The foreign policy of the present administration of President George W. Bush (Governor of Texas) is dominated by the 9/11 terrorist attacks and the war in Iraq. President Bush rightly blamed the terrorists for the attacks; Americans should not be asking themselves “Why do they hate us?” American foreign policy over the decades has not been perfect, but it does not merit the deaths of thousands of innocent people by fanatics. As for Operation Iraqi Freedom (OIF), the initial military campaign succeeded superbly. The administration’s mistake was inadequate planning for the governing and rebuilding of Iraq after the campaign’s completion.
The brief descriptions of the foreign policies of Presidents Carter, Reagan, Clinton and Bush related above contain both high and low lights of their respective efforts in the international arena. They are by no means comprehensive evaluations of each President’s policies and accomplishments. They illustrate that former governors from different political parties are capable of making both effective and ineffective foreign policy decisions. In essence, they are human beings who weigh options and make decisions that result in success or failure. Governor Palin’s opponents thus should not completely discount her suitability for the Vice Presidency because she is “only” a state governor with limited foreign policy experience.

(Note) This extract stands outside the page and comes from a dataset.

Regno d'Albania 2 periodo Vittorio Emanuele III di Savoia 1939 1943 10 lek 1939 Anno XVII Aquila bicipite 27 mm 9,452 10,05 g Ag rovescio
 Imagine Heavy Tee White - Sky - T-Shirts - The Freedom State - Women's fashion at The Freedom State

I wouldn’t say that she lacks the experience in foreign policy to be VP, its that she lacks even the interest level to know anything about it at even a basic “I follow foreign affairs level” Her comments to date on foreign policy are just plain foolish or coached talking points and no offering to play stump the chump at a Republican Invite only “Town Hall” doesn’t change that. I know more about FP than she does and that should really everyone
“As for Operation Iraqi Freedom (OIF), the initial military campaign succeeded superbly. The administration’s mistake was inadequate planning for the governing and rebuilding of Iraq after the campaign’s completion.”
This is equivalent to saying “As for crossing the road, stepping off the curb went superbly. The only mistake was in walking in front of the car”
And of course he blamed the terrorists for their actions, everybody but fringe lunatics did and still do. Blaming the terrorists and wanting to understand their motives are not mutually exclusive, just as if I walk through a bad part of town talking loudly on an expensive phone, and I’m mugged, of course the culpibility lies entirely with the mugger, but I should also be wise enough to realise I made a mistake and not repeat it.
Neither of these things really seem like good advertisements for a governer’s foreign policy experience.
Actually your analogy about the car the the curb are pretty accruate.